Air travelers to pay more, aviation fuel hits N265 per litre, foerein airlines desert Nigeria as economy spirally gone out control

The recent hike in the price of Jet A1 otherwise known as aviation fuel to about N265 per litre from N220 it sold for in January may force airlines operating in the country to also hike flight tickets, National Daily has reported.

While confirming the price from N220 in January to between N240 and N265 per liter in February, a staff of embattled Arik Airline, Funmi Ayeni, wondered how airlines could still be selling tickets for one-hour flights at N18, 000 in the country. His suspicion is that some of them are cutting corners in their operations.

Ayeni argued that with the current situation, a ticket for a one-hour flight cannot possibly cost lower than N40, 000. He called on the Nigerian Civil Aviation Authority (NCAA) to look closely at the operations of some airlines to avert air crashes arising from lax supervision.

One of the oil marketers who spoke with on the condition of anonymity said the deteriorating value of the naira was responsible for the hike. “We all buy dollars from the black market, though Federal Government, through the banks sell dollars to investors at a relatively cheaper rate. But the unfortunate thing is that when you approach them, they collect your money and close up. The money may not be available to you even in the next three months.”
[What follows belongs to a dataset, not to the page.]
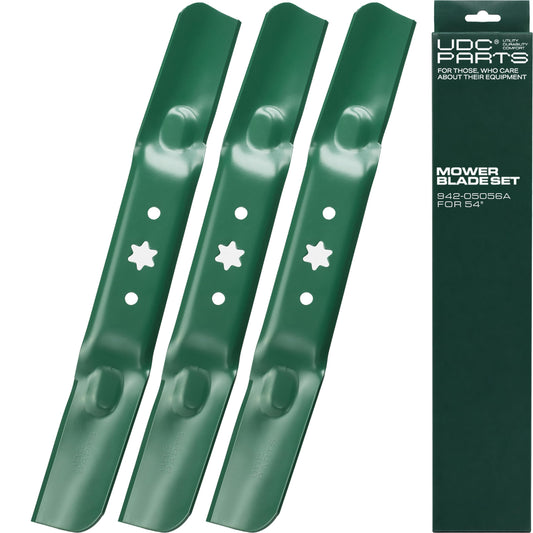 MOWER PARTS - 942-05056A Mower Blades 6 Point Star Replacement for Cub Cadet Ultima 54 Inch Craftsman Z560 T310 Z6900 Troy Bilt Mustang XT1 XT2 RZT L54 942-05056 742-05056 742-05056A / 3 Pack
He said often they approach the black market for dollars which is at a very high rate when compared to what government sells. “You can see that subsidy has been re-introduced to Premium Motor Spirit (PMS). It is because of the continuous free fall of naira,” he explained.
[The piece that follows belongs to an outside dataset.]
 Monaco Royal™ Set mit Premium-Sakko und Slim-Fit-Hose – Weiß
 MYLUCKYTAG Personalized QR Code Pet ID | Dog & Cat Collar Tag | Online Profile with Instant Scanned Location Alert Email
Since the devaluation of the naira, Jet A1 price has increased tremendously from N105 in Lagos to about N230 in Lagos. Just about two weeks ago, the product sold for N220 per liter in Lagos and N230 in airports outside Lago

This simply means that between January 2016 when aviation fuel was averagely sold for N120 per litre and this February 2017, it has increased by over 110 per cent, thereby making operators to be apprehensive that the price may move to N270 if nothing is done to curb the trend.